Date of Award

Spring 5-2014

Degree Type

Dissertation

Degree Name

Doctor of Philosophy (PhD)

Department

Curriculum, Instruction, and Special Education

Committee Chair

Dr. Taralyn Hartsell

Committee Chair Department

Curriculum, Instruction, and Special Education

Committee Member 2

Dr. Lilian Hill

Committee Member 2 Department

Educational Studies and Research

Committee Member 3

Dr. Kyna Shelley

Committee Member 3 Department

Educational Studies and Research

Committee Member 4

Dr. Shuyan Wang

Committee Member 4 Department

Curriculum, Instruction, and Special Education

Abstract

The study compared traditional and nontraditional students’ attitudes about the psychosocial learning environment and their influence on self-efficacy, enjoyment of online learning, and student satisfaction by using Moos’ (1979) Model of Environmental and Personal Variables and the three dimensions of social climate as its theoretical framework. Traditional and nontraditional students were selected based on known differences between their personal characteristics/traits. A total of 151 undergraduate students taking online classes at a university in the southeastern United States participated in the online quantitative pretest/posttest. The findings revealed that nontraditional students preferred less student interaction and collaboration and more asynchronicity than traditional students. Nontraditional students also had a higher degree of enjoyment of online learning and a higher satisfaction with the degree of asynchronicity in their online courses compared to traditional students.

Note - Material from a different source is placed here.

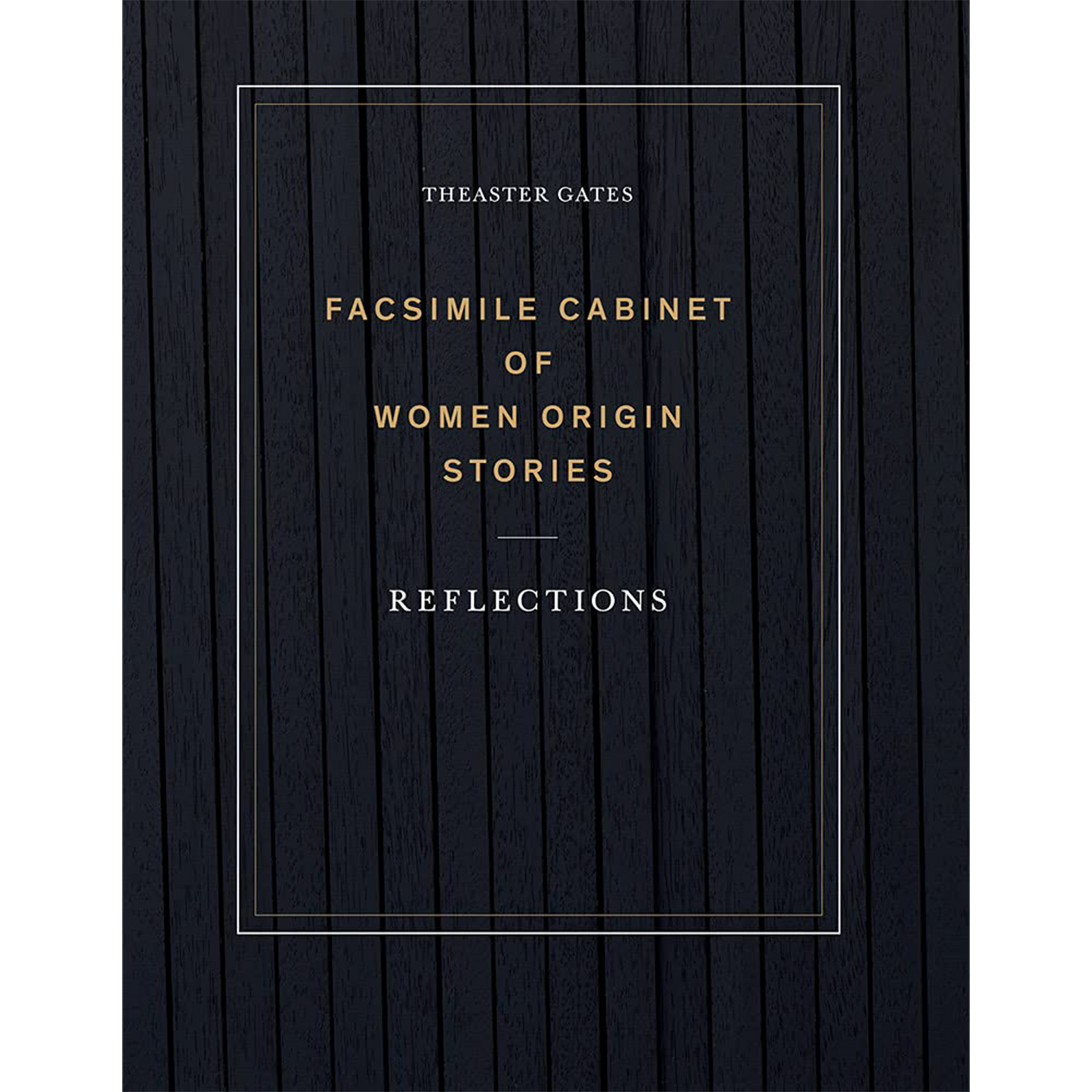Theaster Gates: Facsimile Cabinet of Women Origin Stories: Reflections (Paperback)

Additionally, the study found significant and positive associations between academic self-efficacy and psychosocial learning environment variables that include teacher support, student interaction and collaboration, authentic learning, student autonomy, equity, asynchronicity, computer use, and personal relevance. There were also significant and positive associations between online self-efficacy and student autonomy. The study also indicated significant and positive associations between enjoyment of online learning and psychosocial learning environment variables that include computer use, authentic learning, asynchronicity, teacher support, personal relevance, and asynchronicity. Last, there were significant and positive associations between self-efficacy and enjoyment of online learning.